# central limit theorem basic question

#### leo nidas

##### New Member
I have a basic question concerning the central limit theorem

let the 2 by one vectors x1, x2, ..., xn come from a population with mean μ=[μ1 μ2]' , and variance Σ=[σ11 σ12;σ21 σ22].

Τhe clt states that sqrt(n)(Xbar-μ)~Ν(0,Σ) where Xbar=(x1+x2+...+xn)/n = (Σx(i))/n and because I had a problem typing in latex the tilde "~" will be "converge in distribution" throughout this post.
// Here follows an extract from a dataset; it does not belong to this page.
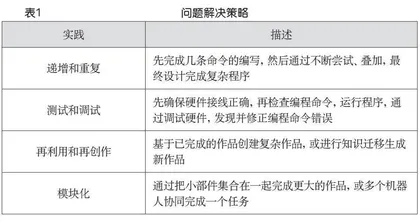 基于故事的项目式儿童编程课程设计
So, can I say the following?:

1. sqrt(n)(Xbar-μ)~Ν(0,Σ) =>
2. (Xbar-μ)~Ν(0,Σ/n) =>
3. Xbar~N(μ, Σ/n) =>
4. (Σx(i))/n~N(μ, Σ/n) =>
5. Σx(i)~N(μ, nΣ).

So are the above 5 steps correct? Can I claim that the sum at last step has approximately that normal? I think there is a problem with that "n" in the variance. As n goes to infinity then the variance goes to infinity? Then we have no convergence i think?! Where is my mistake?

Generally can I say somthing about the distribution of that sum?

#### BGM

##### TS Contributor
When you keep summing up independent random variables, the variance must increase.
Thats why in CLT you need to "standardize" the variance.
and when formally using CLT, we cannot state the last equation like that.
(Just like we do not directly manipulate the indeterminate forms of limit in mathematics)
You can also see CLT can be used to explain the normality of the error term in law
of large number.

Loosely speaking, we shall see the normality of the sum. You may use the last equation
as an approximation (not mathematically rigorous I think).
But just be careful that when the variance is very large, even
the underlying distribution is normal, you may not be able to see the distribution like a
normal (bell shape curve). The distribution may just looks like a flat line.

For example, you try to sum up the independent bernoulli trials. If you do not standardize
it, the range of the resulting binomial random variable will increase as n is increasing.
If you stardardize it, you will see an approximately bell curve in [0, 1].